The Stone Speakers portray the evolution of alternative tourism in post-war Bosnia and Herzegovina, a country whose society is still deeply divided and the economy never recovered from the consequences of war. Međugorje, salt lakes in Tuzla, Andrićgrad in Višegrad and pyramids in Visoko are the most famous such destinations and source of income for the local population. These are the places combining history, religion, politics and folklore to create new tales of Bosnia. The film premiered at the Toronto festival.
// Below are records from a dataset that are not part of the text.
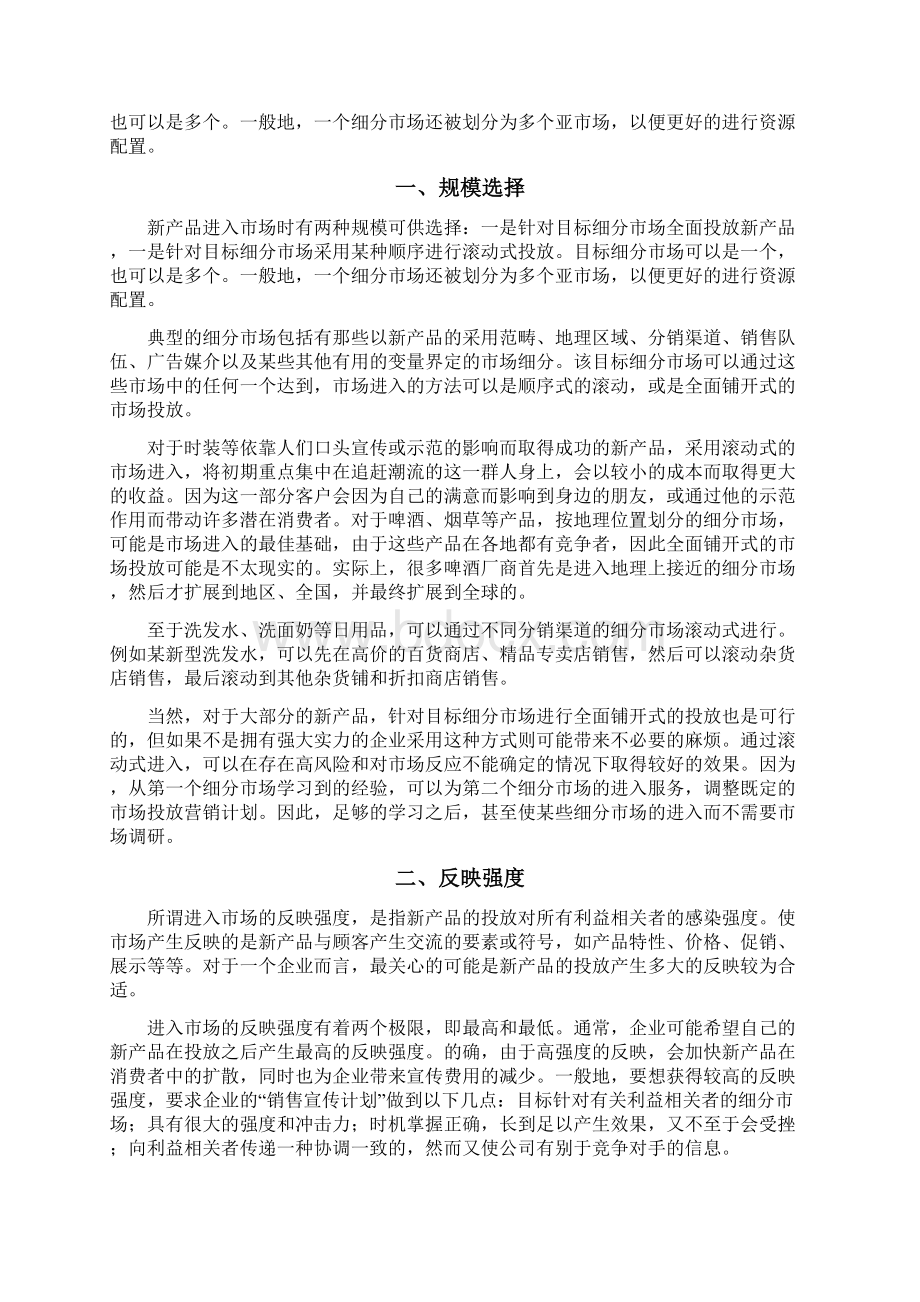 中国甜品店行业新产品进入市场策略研究及建议.docx_第3页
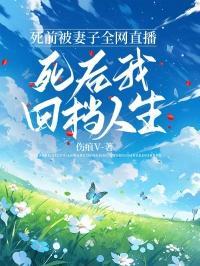 陆远顾倾城的叫什么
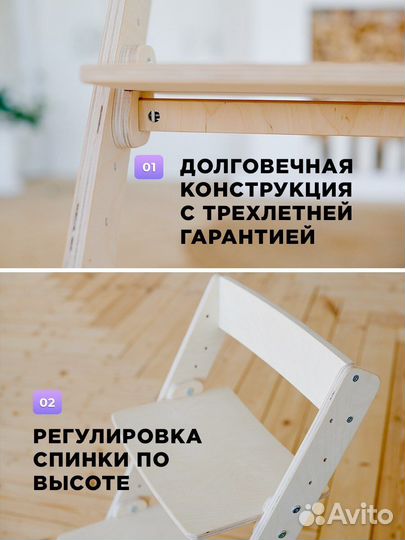 Растущий стул для детей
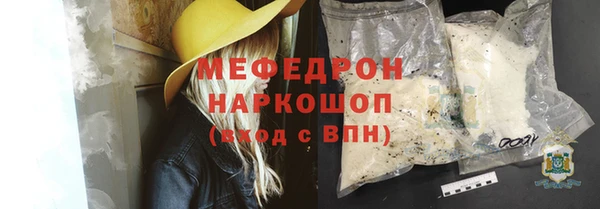 гидра Заволжск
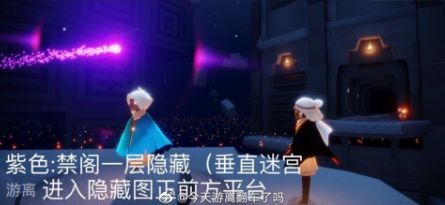 光遇8.10每日任务怎么做 8月10日光遇任务攻略[多图]图片5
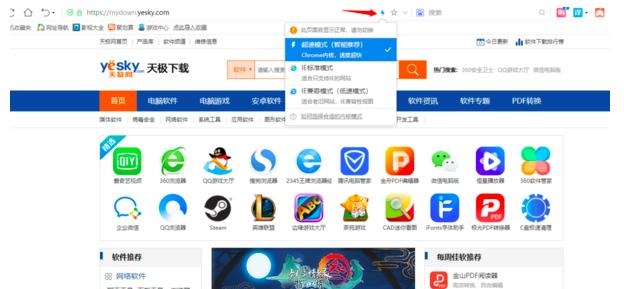 2345�g�[������ģʽ�����O��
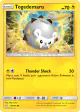 Togedemaru 74/236 Common card from Cosmic Eclipse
Trieste Film Festival sends ZagrebDox three interesting titles. The Masters of Dox section presents Border Fence by Nikolaus Geyrhalter and Putin’s Witnesses by Vitaly Mansky, and the regional competition screens Hungary 2018 by Eszter Hajdú.
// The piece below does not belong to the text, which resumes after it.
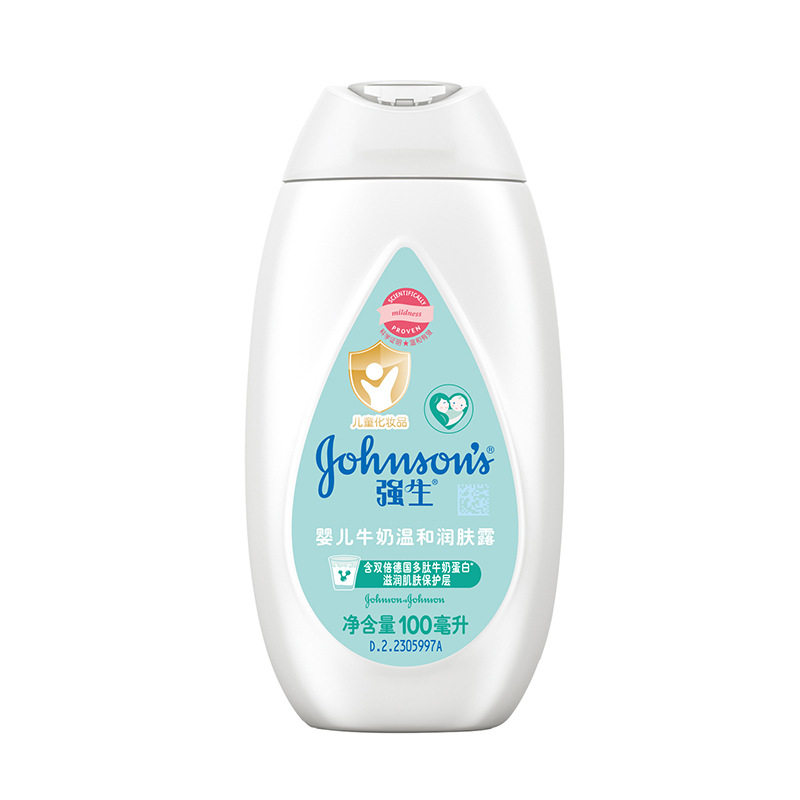 Johnson & Johnson Milk Moisturizing Lotion 100ml Baby Moisturizing Body Lotion Children's Moisturizing Lotion Genuine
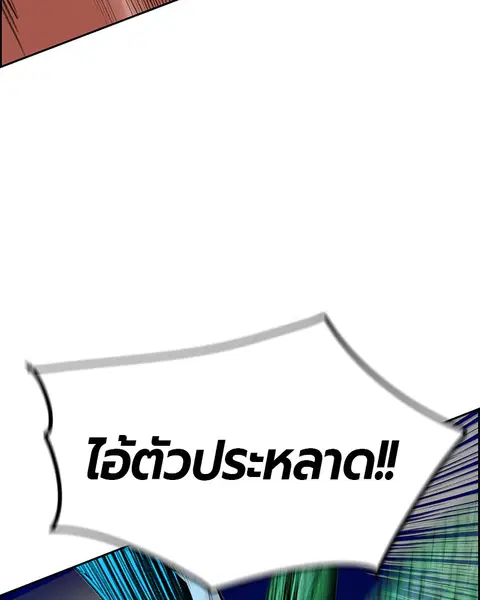 หน้า 42 จาก 168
In Border Fence Geyrhalter speaks about the burning issue of refugees. The film documents the Alpine Brenner border, where in 2016 the Austrian government announced the construction of a border fence, predicting a turn of the refugee routes to Italy after the closing of the Balkan route. Brenner was portrayed as the scene of change in the European internal affairs, and described through precision footage, the director’s trademark, and long conversations with police officers, local population, mountaineers, farmers, pub owners. The citizens equally fear the fence and the surge of refugees into their country. This small space unmasks all the colours of the political views on the subject that affects the entire Europe. The film won an award at the festival Diagonale in Graz and was also screened at IDFA.

Border Fence

Vitaly Mansky’s latest documentary Putin’s Witnesses follows the events that kicked off on 31 December 1999, when Yeltsin as the first democratically elected president of Russia turned the power to the hands of Vladimir Putin. At that time director Mansky was working as a documentary programme editor on Russian state television and had access to the Russian president and his political rise. Very few could assume back then that Putin would rule until this day. Almost 20 years later Mansky returns to his archive materials, questioning his own role in this historical turning point. The film has so far been screened at many international festivals, including IDFA, and won awards in Stockholm, Camden and Karlovy Vary.

Putin’s Witnesses

Hungary 2018 takes us behind the scenes of democracy in the politically devastated Hungary. Twenty-eight years after the fall of communism and ahead of the new presidential election, in 2018 Hungary arrived to a political crossroads. Will the country embrace another four years of rightist populism with Viktor Orbán and his Fidesz party, or will former prime minister Ferenc Gyurcsány and his pro-European leftist party prevail? Hungary 2018 is more than a portrayal of a political struggle, it is a film about the rise of nationalism and rightist extremism in Europe. This important film, symptomatic of the current European and regional political situation, was screened in the feature competition at IDFA.